Smoke could be seen for miles Monday evening as flames tore through the vessel, which was docked at Fleet Marina on Pope’s Island. By daybreak Tuesday, all that remained was the boat’s foam-covered, partially sunken frame.
Hans Doherty, who watched as firefighters scrambled to contain the flames and secure the vessel, tells 12 News he’s still trying to process what happened.
“I thought they would have it knocked down in a New York minute,” Doherty said. “It just kept growing and growing.”
Photos: Flames erupt from boat in Pope’s Island Marina (Story continues below gallery.)
The cause of the fire remains unknown at this time, however, Fairhaven Harbor Master Timothy Cox believes it’s likely electrical, based on his experience investigating similar boat fires over the years.
“The problem was it was burning from the inside out,” Cox explained. “Once it starts burning in the wall, with the fiberglass and insulation, it’s hard to get at it.”
New Bedford Deputy Fire Chief Scott Kruger said the vessel contained 500 gallons of fuel, which made fighting the flames difficult.

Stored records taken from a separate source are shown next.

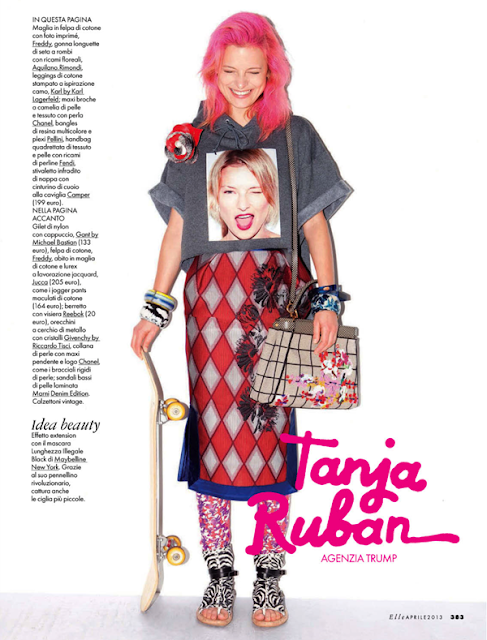 Elle Italia: Street Art, Street Color Style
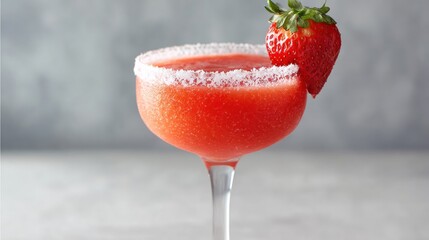 Strawberry cocktail drink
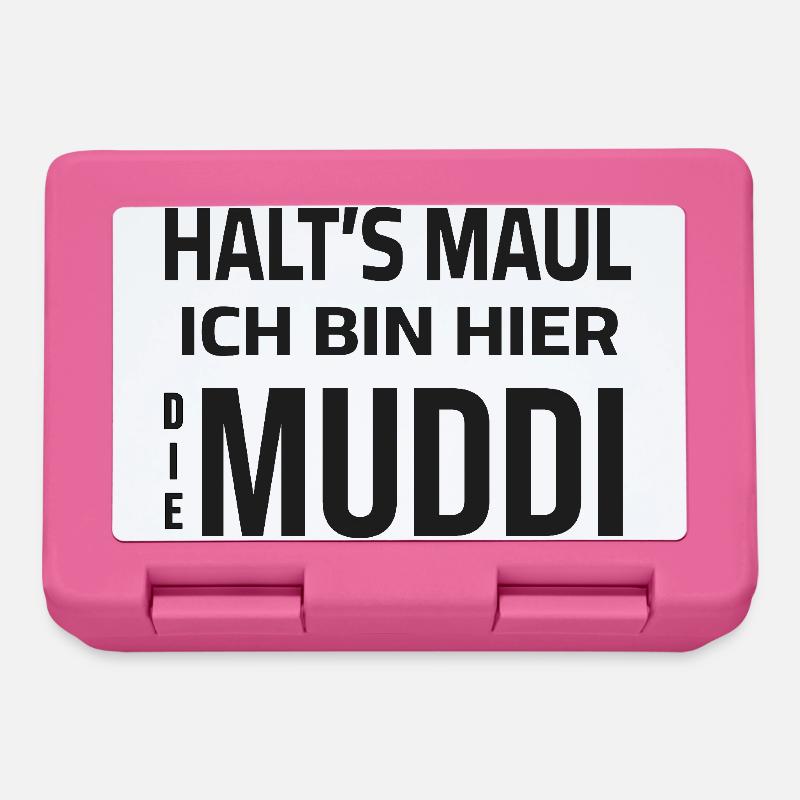 Halt's Maul - Ich bin hier die Muddi - Brotdose - Pink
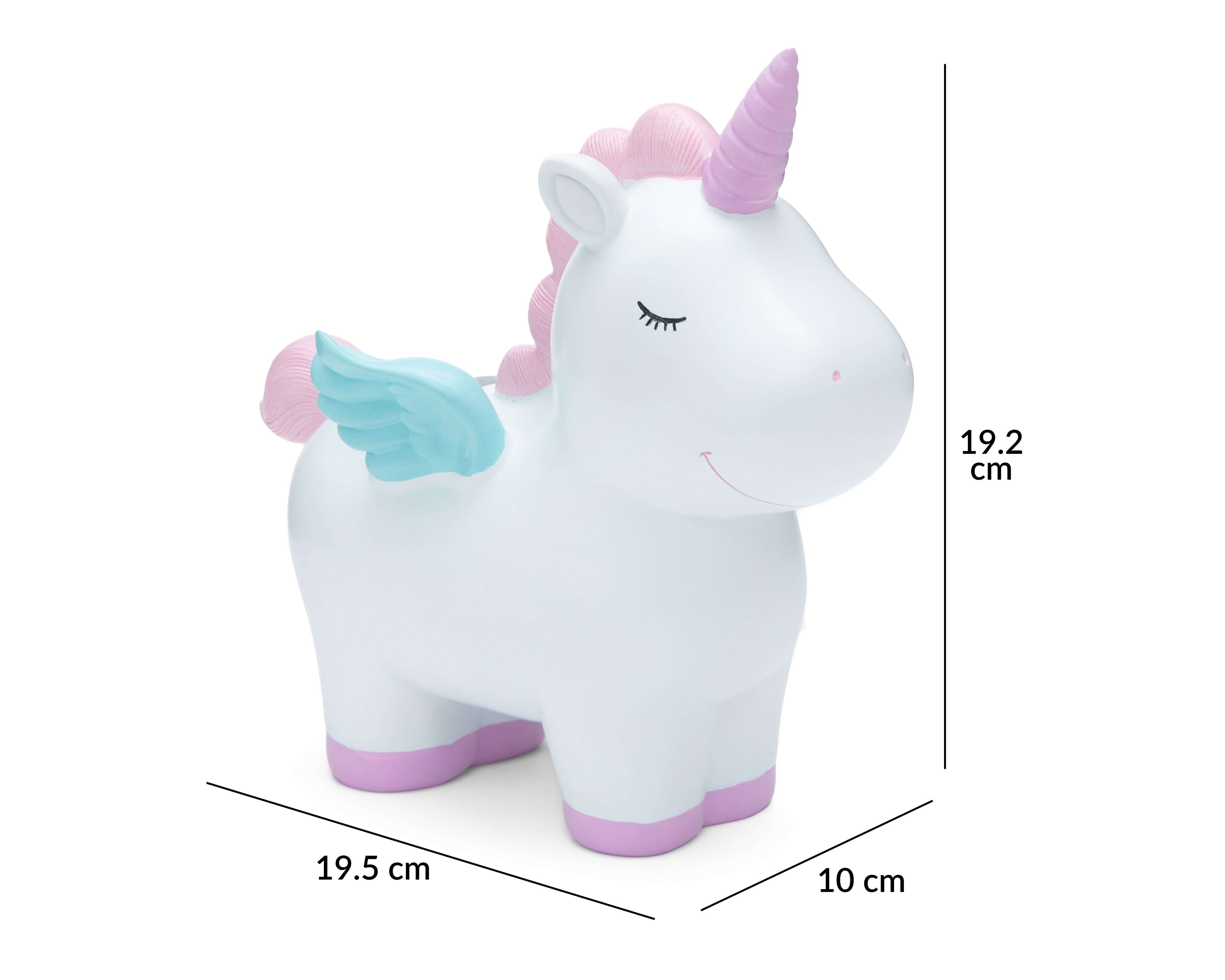 Foto 6 | Foto 6 | Figura Decorativa de Unicornio Etnhe de Poliresina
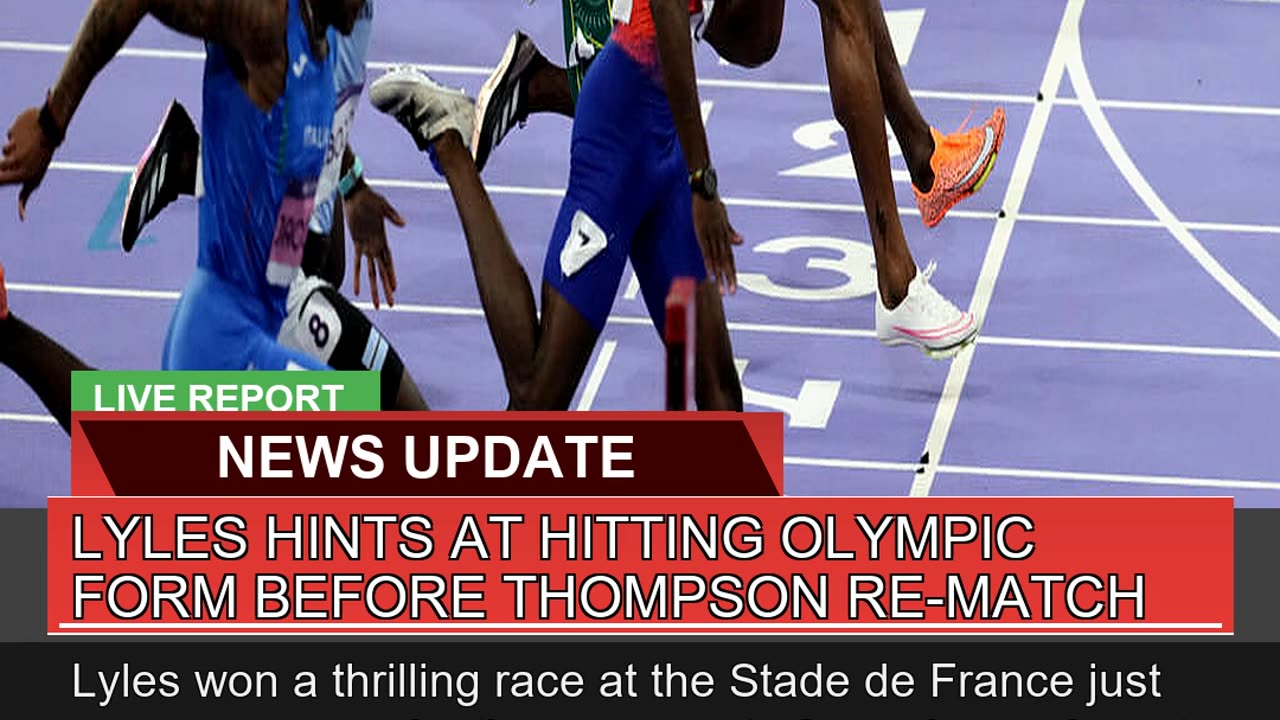 Lyles Hints at Hitting Olympic Form Before Thompso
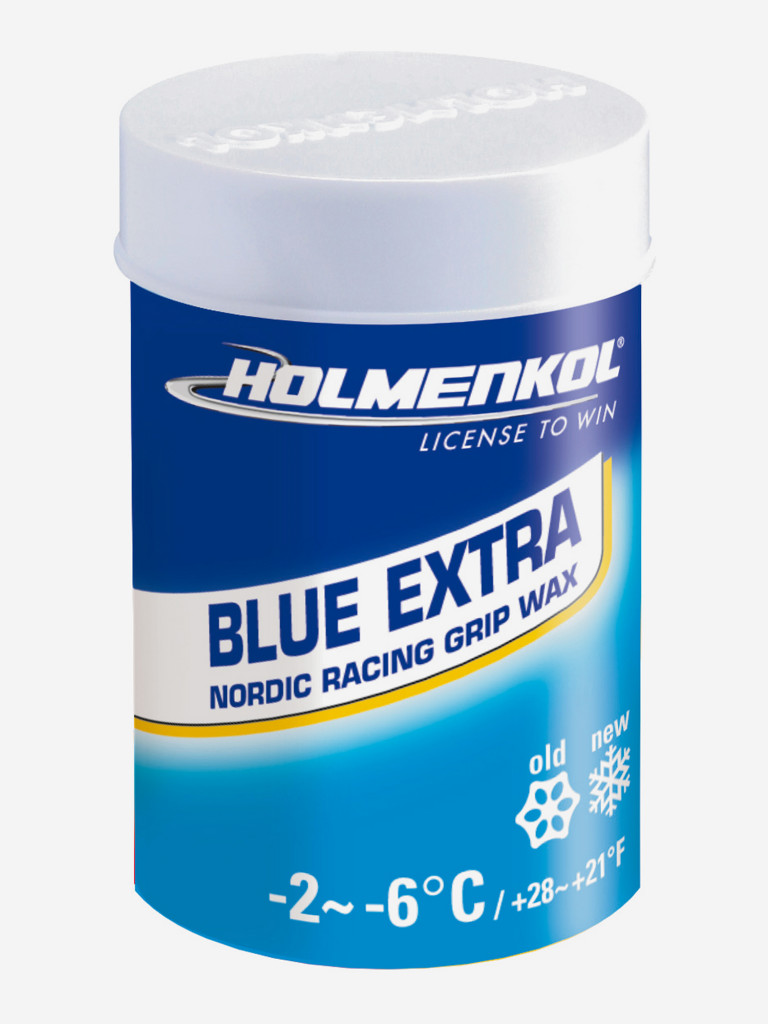 HOLMENKOL Grip Blue Extra жүгіру шаңғысына арналған ұстағыш жақпамайы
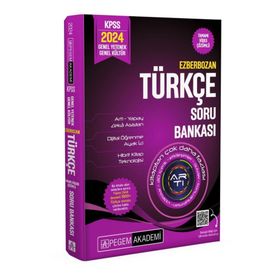 Pegem Yayınları 2024 Ezberbozan KPSS Genel Yetenek Genel Kültür Türkçe Soru Bankası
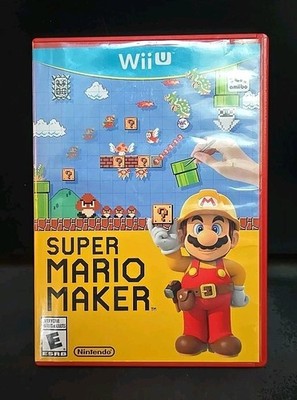 Super Mario Maker Nintendo Wii U - Tested and Working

The flames also reignited multiple times, sometimes faster than firefighters could knock them down.
Kruger said the yacht has been deemed a “multi-million dollar” loss.
The yacht’s owner, according to Cox, is well-known in both Fairhaven and New Bedford. Cox said the owner was hosting a dinner party aboard the vessel when the fire broke out.
“He loved his boat,” Cox said. “This is a major loss for him.”
Video Now: Fire destroys boat in Pope’s Island Marina (Story continues below video.)
12 News spoke with the owner’s secretary Tuesday, who said the boat was fairly new and the family didn’t have much time to enjoy it before it was destroyed.
Cox said the boat’s remains will be removed from the water Wednesday. Right now, he said their focus has shifted to minimizing environmental impacts by containing and cleaning up the fuel, foam and debris.
Thankfully, Cox said the owner hired a private emergency environmental response company to assist firefighters in that process.
“He’s a good neighbor,” Cox said. “He has a conscience and he wants to do the right thing.”